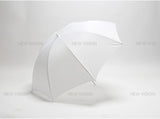 2PCS Godox 43'' 108cm White Soft Umbrella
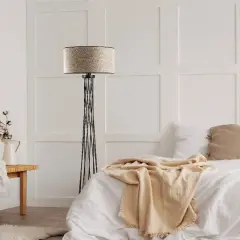 Aydinlatmadunyam Lambader White Tall-13473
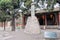 Platform of Shadow Measuring by Master Zhou at Observatory in Dengfeng, Henan, China. It is part of UNESCO World Heritage Site.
· · · ·
Try it: Restate the data word for word, minus any images.

Output for this exercise:
 2PCS Godox 43'' 108cm White Soft Umbrella
 Aydinlatmadunyam Lambader White Tall-13473
 Platform of Shadow Measuring by Master Zhou at Observatory in Dengfeng, Henan, China. It is part of UNESCO World Heritage Site.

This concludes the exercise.